The paper’s findings include:

  • The slowdown in productivity growth occurred before the onset of the Great Recession, raising questions about its impact. Productivity growth was no slower in 2007-2013 than it was before the recession. This observation is also supported by the work of James Kahn and Robert Rich of the Federal Reserve Bank of New York, who found that productivity growth had slowed by 2005, well before the recession set in.
  • The mid-1990s saw a sharp increase in productivity linked with IT, which then slowed in the mid-2000s. “That pattern is consistent with the view that benefiting from IT takes substantial intangible organizational investments that, with a lag, raise measured productivity. By the mid-2000s, the low-hanging fruit of IT had been plucked,” Fernald writes.
  • It has been suggested that the housing and finance “bubbles” could explain observed changes in productivity growth, but the non-bubble industries — which constitute 75% of the economy — slowed more than the bubble industries in recent years. In fact, the slowdown was particularly evident in the IT-related industries, which saw a huge increase in the late 1990s, and IT-intensive industries, which saw a modest increase in the late 1990s followed by a significant increase in the early 2000s. Both then experienced a decrease in 2004-2007, while other industries experienced more consistent performance.
  • Looking at state-level GDP per worker, labor productivity slowed across nearly the entire country, especially in IT-intensive industries. In the private economy overall, 47 out of 51 states, including the District of Columbia, exhibited slower productivity growth in 2004-2007 as compared to 1997-2004.
  • Looking forward, CBO data indicate that the growth in non-farm business hours will see a drop from the 1.4% per year seen from 1949-2007, to 0.64% per year by 2024, a problem exacerbated by the lower education levels of labor-market entrants relative to their predecessors. As a benchmark, Fernald contends that productivity will grow 1.85%, for a total business output growth of 2.49% per year. For non-business sector output, the CBO predicts 0.85% per year growth by 2024. Jorgensen, Ho, and Samuels and Robert Gordon of Northwestern University put GDP-per-hour growth at 1.3%.
  • “Going forward, productivity growth similar to its 1973-95 pace is a reasonable expectation. The end of exceptional growth implies slower growth in potential output.”

Fernald cautions that there are many uncertainties associated with making predictions in the change in GDP-per-hour growth. Without technological advances, “maintaining growth require[s] us to pedal ever harder and harder,” but that isn’t sustainable in the long run. The literature indicates that technological revolutions that predated IT, including electricity, the internal-combustion engine and petrochemicals, “promoted a wide range of complementary innovations that propelled exceptional growth for a time, but not forever.” As a consequence, future revolutions “could lead to faster growth in the next few decades, even if the eventual path is much lower.”

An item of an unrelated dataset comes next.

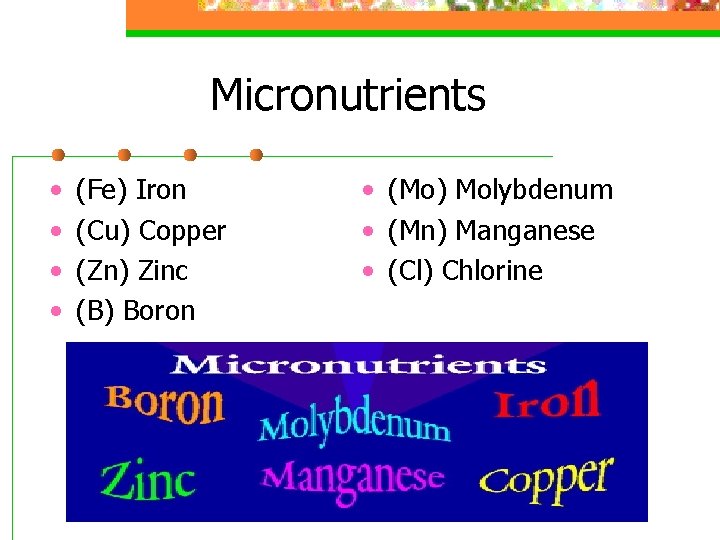 Micronutrients • • (Fe) Iron (Cu) Copper (Zn) Zinc (B) Boron • (Mo) Molybdenum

Related research: A 2015 paper from J. Christina Wang and Alison Pearson at the Boston Federal Reserve, “Productivity in the Slow Lane? The Role of Information and Communications Technology,” focuses on similar issues. A research review, “Computerization, Atomization, Crowdsourcing and the New Economics of Employment,” looks at the impact of new technologies on labor markets and job design in the United States and across the global economy.